Tampoco quedan aquellos cercos bajos que no nos impedían entrar con mis amigos en los jardines de los chalets a bajar moras, nísperos o ciruelas de los árboles bajo la mirada complaciente de sus dueños, que hacían como que no se daban cuenta. Desapareció el barrio de juegos en la calle y autos que casi tenían que pedir permiso para pasar; donde en los veranos los vecinos sacaban las sillas a la puerta para conversar y refrescarse.

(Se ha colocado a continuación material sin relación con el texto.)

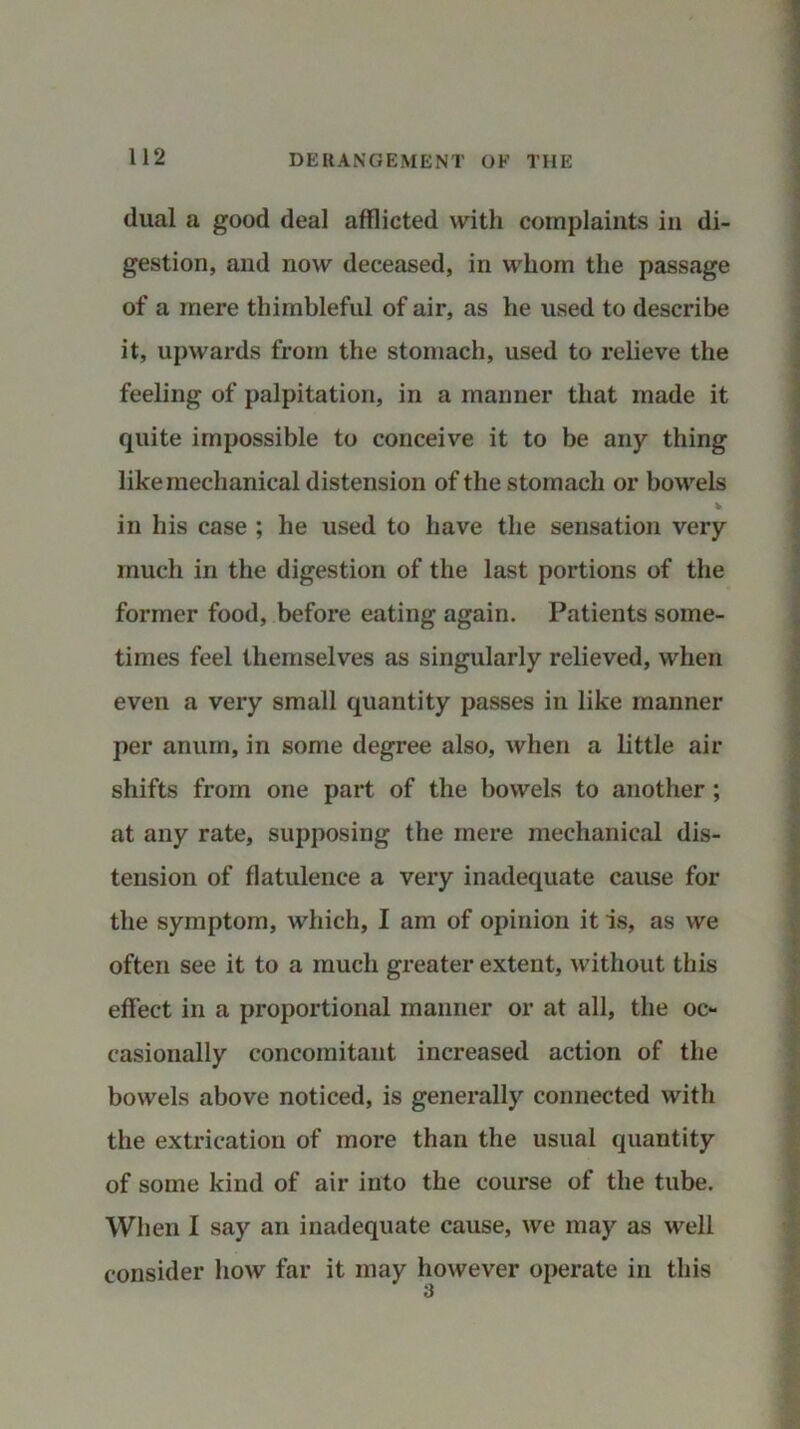dual a good deal afflicted with complaints in di- gestion, and now deceased, in whom the passage of a mere thimbleful of air, as he used to describe it, upwards from the stomach, used to relieve the feeling of palpitation, in a manner that made it quite impossible to conceive it to be any thing like mechanical distension of the stomach or bowels in his case ; he used to have the sensation very much in the digestion of the last portions of the former food, before eating again. Patients some- times feel themselves as singularly relieved, when even a very small quantity passes in like manner per anum, in some degree also, when a little air shifts from one part of the bowels to another ; at any rate, supposing the mere mechanical dis- tension of flatulence a very inadequate cause for the symptom, which, I am of opinion it is, as we often see it to a much greater extent, without this effect in a proportional manner or at all, the oc- casionally concomitant increased action of the bowels above noticed, is generally connected with the extrication of more than the usual quantity of some kind of air into the course of the tube. When I say an inadequate cause, we may as well consider how far it may however operate in this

Pero, en definitiva, todo cambia. Cuando mi familia llegó aquí, a comienzos de los ‘60, también eran otro barrio y otro país, más agreste uno, más despreocupado el otro. Años después, la tragedia política de los ‘70 asomaría de tanto en tanto detrás de la cortina protectora de mi infancia. A veces eran advertencias de “no tocar nada” al andar por la calle; otras, ruidos y gritos en la madrugada. De vez en cuando reventaba alguna casa o algún comercio con una bomba. Quizás mis padres sentirían entonces esta misma extrañeza.
Crecimos. Llegaron las discusiones en el colegio con nuestro profesor de Instrucción Cívica. Gobernaba entonces una junta militar y nos enseñaban qué era la democracia, cómo funcionaba el Congreso y que hacían los diputados y senadores, aunque no había ni democracia, ni Congreso ni diputados ni senadores. Un cruel ejercicio de imaginación. El profesor, no recuerdo su nombre, nos porfiaba en que éramos un país en vías de desarrollo; nosotros, en que éramos subdesarrollados. Cuarenta y cinco años más tarde, ya sabemos quién tenía razón.
Probablemente hayamos sido los espectadores más jóvenes de la decadencia nacional, testigos de la transición entre el país aún optimista de la generación de nuestros padres y este tenso del presente, muchas crisis después y, como dice Fito, con un par de guerras encima.
Recuerdo también los asados familiares o con amigos en los que nuestros padres nos alentaban a estudiar e irnos al exterior en busca de mejores oportunidades. Hijos de inmigrantes incitando a sus hijos a ser emigrantes. Era como tirar por la borda años de adaptación. Por alguna o por muchas razones no les hice caso y acá estoy.
A veces, en los momentos de mayor bronca y frustración, me descubro haciendo lo mismo con mis hijos, un ciclo que se repite y que todos los gobiernos prometen cortar, hasta ahora sin éxito. Aunque luego me recompongo. El barrio cambió, la Argentina también, pero somos herederos de la tenacidad y de la obstinación, de la creencia de que siempre se puede volver a empezar.
Por eso quiero aferrarme a este barrio y a este país en los que vivimos tristezas y decepciones, pero también momentos de felicidad. Quiero que ese Martín Echenique de la película “Martín (Hache)” no tenga razón y alguna vez todo pueda cambiar para bien, aunque tal vez nuestra generación ya no esté para verlo.